While many subspecialties lend themselves to a culture of relaxation, a career in emergency medicine cannot be a lifestyle choice. If the anesthesiologist does not like the look of an airway, much like a pilot who decides they don’t like the weather conditions, that flight/case is canceled.  That case is then rescheduled with a plan, a back-up plan, and a redundancy plan to successfully intubate that patient. In the emergency department you do not get that option.  You don’t get to look at the patient with hepatitis C, and an active GI bleed and say, “I’m not feeling it today, sir.  Perhaps you’d like to reschedule on a day that someone who’s infinitely better at difficult airways is here.”  You, as an emergentologist, get to meet the bloodiest most vomit-laden airways in the world whenever they choose to meet you.  Now here is what is truly unfair; when we struggle with the difficult airway someone may ask, “do you want me to call anesthesia.”  Why?  Because they are viewed as the airway experts and you are the novice.  They are the masters and you are guy or gal who’s good enough to do the basic ones, but because they have an -ologist behind their name they must be technically better than you could ever be.  Is that true?  We just established that they have the ability to plan their cases on the golf course the day before or, at worst, over coffee in the hospital atrium that morning.  Either way, the plan is in place long before they have to cross the threshold of commitment to paralyze and take the airway; a luxury you don’t have.  As an emergentologist you are also a vomitologist.  Vomit happens in real time, not over coffee before you meet the patient.  For that reason, it is my propensity to believe that the emergentologist is the absolute best practitioner to manage the most difficult airways.

But what truly makes the practice of emergency medicine different is our innate ability to recognize sick from not-sick. If you go into this specialty under the guise that you will someday be a master diagnostician then you will be sorely disappointed and that disappointment will likely spiral into despair as you burn out in a matter of years.  That is not our lot.  Our responsibility is to be excellent differential diagnosticians not definitive diagnosticians because ours is a specialty of recognizing the sick.  Like a goalie, we prevent those in extremis from slipping by while simultaneously redirecting all others to continue their “medical” fight another day.  Not every disease needs to be diagnosed in the emergency department.  It is your job to figure out which ones do and which ones are safe to go home. It has been said that a good emergentologist can make the diagnosis of sick–not–sick in three seconds from the bedside and in thirty seconds form the doorway. This skill must be developed for you to be successful in this business; this must be your overall mindset.  You must be able to differentiate quickly, rule out the worst-first in disease processes, and use a series of complex hierarchical algorithms to determine how sensitive you will be when your tests return.  Pre- and post-test probability rule the day and utilizing gestalt combined with concomitant data points such as labs and rads is the only way to develop the confidence to decisively send patients home to do well… and not lose any sleep.  Easy right?

If you are interested in reading the rest of this and other EM Mindset pieces, please see “An Emergency Medicine Mindset,” a collection evaluating the thought process of emergency physicians. This book is available as ebook and print on Amazon.

 

8 thoughts on “EM Mindset: Andrew Sloas – Emergentologist”

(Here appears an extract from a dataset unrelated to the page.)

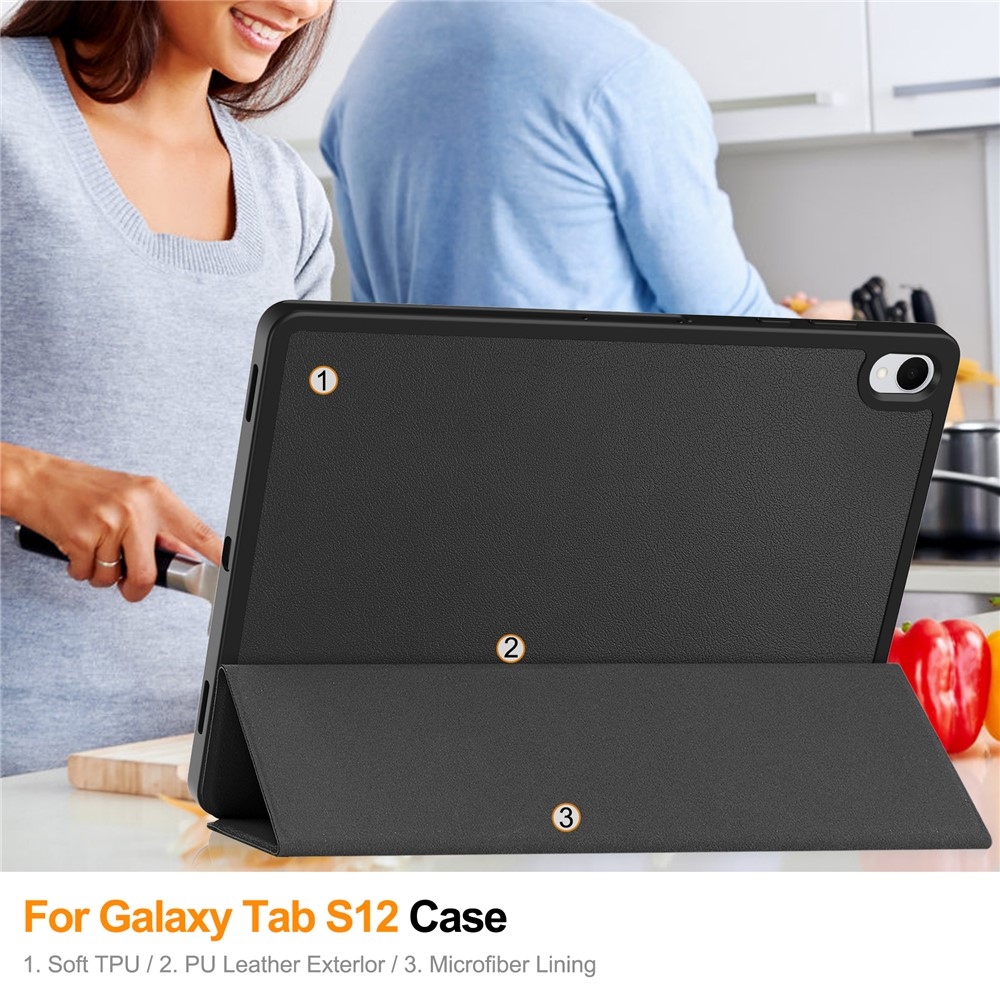 Cases chytré zavírací pouzdro na Samsung Galaxy Tab S12+ - černé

  1. Great, great, great article! Very well written. Reinvigorates and reminds us how noble and great our field is; yet how easily it is to slip into the monotony of sub-par medicine.

  2. Seems idealistic and not consistent with modern medicine. I would wager that this doc is a pup and just a few years into the actual practice of the specialty.

    1. Frank C, if you’re a medical provider I would be interested to know what your definition of modern medicine includes, and how this is contrary to that.

      Dr Sloas, well written and inspiring. Thank you for posting.